1.- El ranking no es un recuento. El estudio evalúa las situaciones críticas que determinadas organizaciones han atravesado en el curso de un año, a fin de resaltar la visibilidad y complejidad de las crisis corporativas. A diferencia de ciertos recuentos de casos, el Ranking es un estudio basado en un enfoque analítico experto que establece la mayor gravedad de cada crisis. Cuanto mayor su gravedad, más arriba sube en el listado.
2.- Las crisis se miden por el Indicador de Gravedad de Crisis (IGC). Está basado en un monitoreo de medios, seguimiento de redes sociales y en una valoración analítica de expertos. La conjunción de esa información, mediante su conversión en puntajes, crea el IGC. El máximo puntaje que una situación crítica puede obtener son 100 puntos. Para esto, se investiga y documenta cada caso de crisis, recogiendo los hechos con objetividad descriptiva y la data con una depuración aplicada.
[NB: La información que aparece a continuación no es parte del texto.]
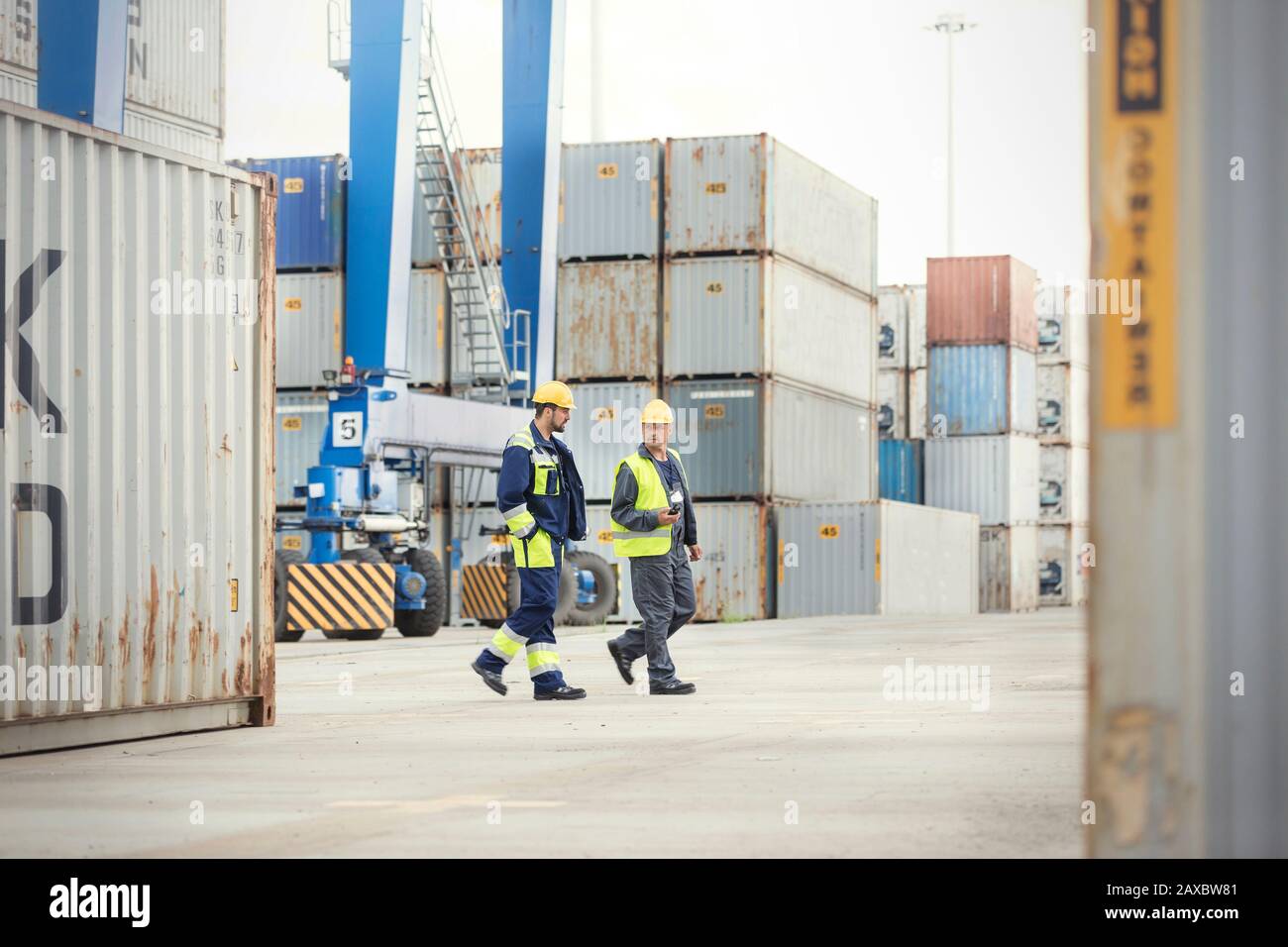 Hafenarbeiter, die auf der Werft spazieren gehen und reden Stockfoto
3.– No se juzga a las empresas, sino sus crisis en la opinión pública. Los resultados arrojan indicadores de gravedad de las crisis que han atravesado algunas empresas, privadas y públicas, en una o más ocasiones, a modo de una foto minuciosa del momento. No se trata de reseñar las crisis empresariales, económico-financieras u operativas. Sino su visibilidad en la opinión pública, como un fenómeno mediático.
4.- Tiene carácter forense y califica desde la perspectiva del público. Se evalúan las crisis después de que pasaron, así se observa también sus consecuencias. Cada situación crítica tiene explicaciones de fondo, asuntos confidenciales, o argumentos de parte que no se toman en cuenta si es que no se han dicho públicamente. No se consideran las buenas intenciones o los comentarios tras bambalinas.
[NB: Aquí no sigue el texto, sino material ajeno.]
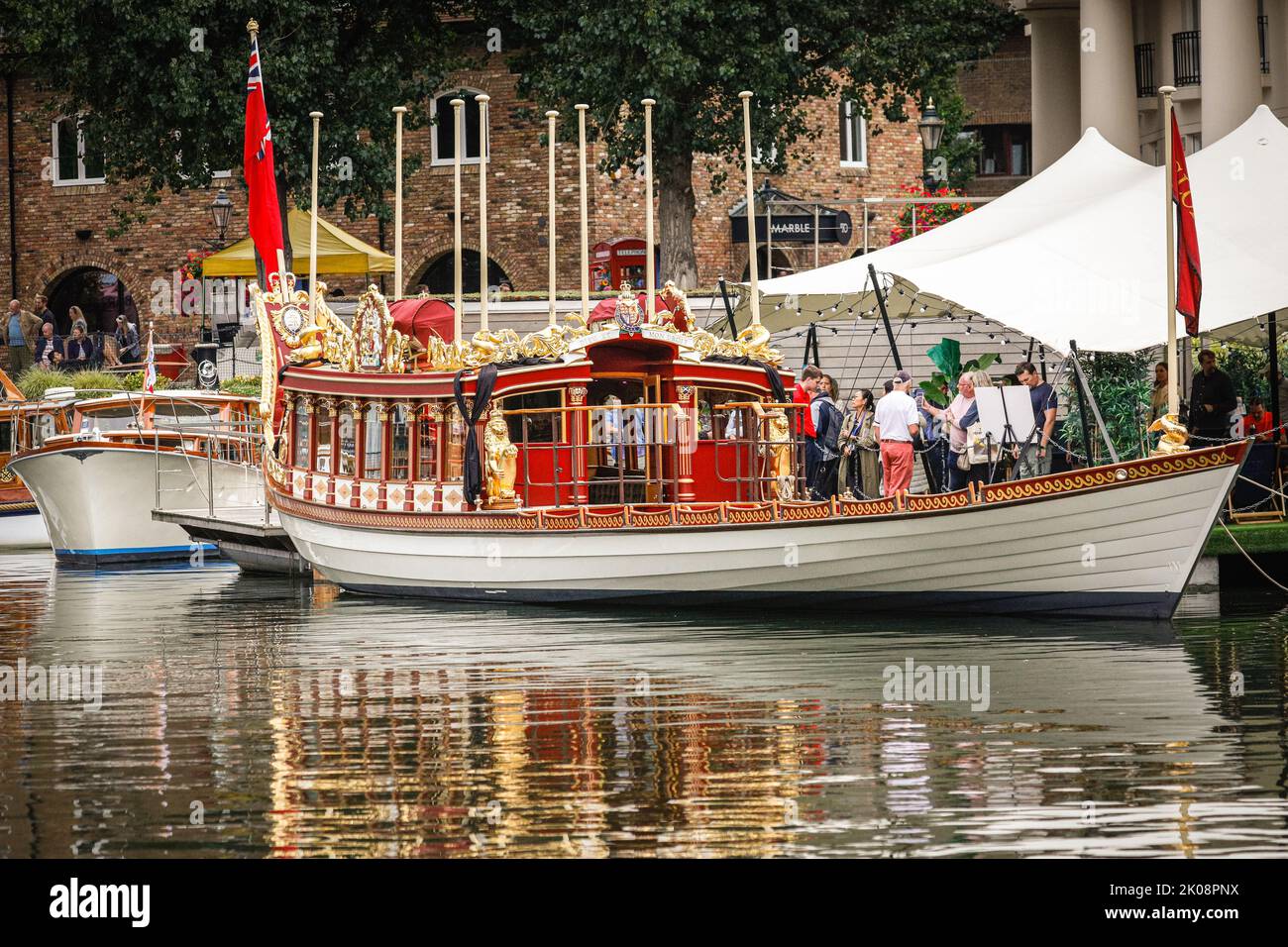 London, UK, 10th Sep 2022. The Gloriana in her 'mourning dress', with black cloth ribbons wrapped around the ornamental golden lions. Gloriana, the Queen's Rowbarge, is this weekend moored in St Katherine Docks for the boat festival. The Royal Rowbarge was built as a tribute to and lasting legacy for Queen Elizabeth's Diamond Jubilee in 2012, named 'Gloriana' by Her Majesty, and led the Thames Diamond Jubilee Pageant, as well as other occasions since then. The barge may play a role in next week's proceedings around the funeral procession, but this is as yet unconfirmed. Credit: Imageplotter Stock Photo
5.- Las crisis casi siempre obedecen a fallas propias. Esto, junto con la expectativa o sensibilidad de sus públicos, gatilla el escándalo. Una caída de sistemas, un error en un servicio, únicamente se convierte en crisis sólo si a la gente le importa. Pero hay crisis que se deben a riesgos no operacionales de las empresas, o sea a factores que ellas no controlan y que les compete a las autoridades. Ejemplo, los atentados del crimen organizado contra ciertas empresas mineras. Son crisis que sufren las empresas por errores o fallas de terceros.
6.- Combina la data con la opinión experta. El Ranking realizado por el Observatorio de Imagen y Comunicación (OBICOM) estudió 18 casos de crisis. Procesó más de 50 mil impactos y menciones en medios y redes sociales. Finalmente, dispuso de la opinión de un grupo de expertos, profesionales de reconocida trayectoria, para evaluar la información. Así que tiene una metodología, un proceso singular, y deviene confiable.
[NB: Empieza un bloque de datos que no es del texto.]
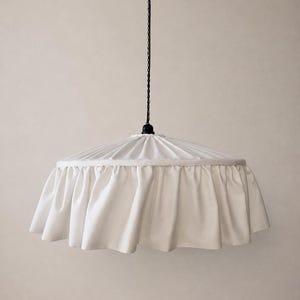 Op de afbeelding: Een witte stoffen hanglamp met een geplooid bovendeel en een brede, geplooide rand rond de basis. De lamp hangt aan een dun zwart snoer en ketting, met een zwart armatuur aan de bovenkant waar de stof het snoer ontmoet.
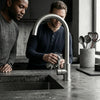 Classic Single Hole Kitchen Faucet with 360 Swivel showcased in modern kitchen with two men.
Subrayo que el estudio no pretende señalar la anomalía como tal, sino reseñar las crisis más graves, su relevancia y el manejo de la situación crítica, a fin de propiciar debate y aprendizajes.
Foto: presentación del Ranking en la sede UPC de San Isidro. De izquierda a derecha: Carlos Oviedo, Luis G. Pareja, José Salazar, César Cárdenas y Claudia Guillén.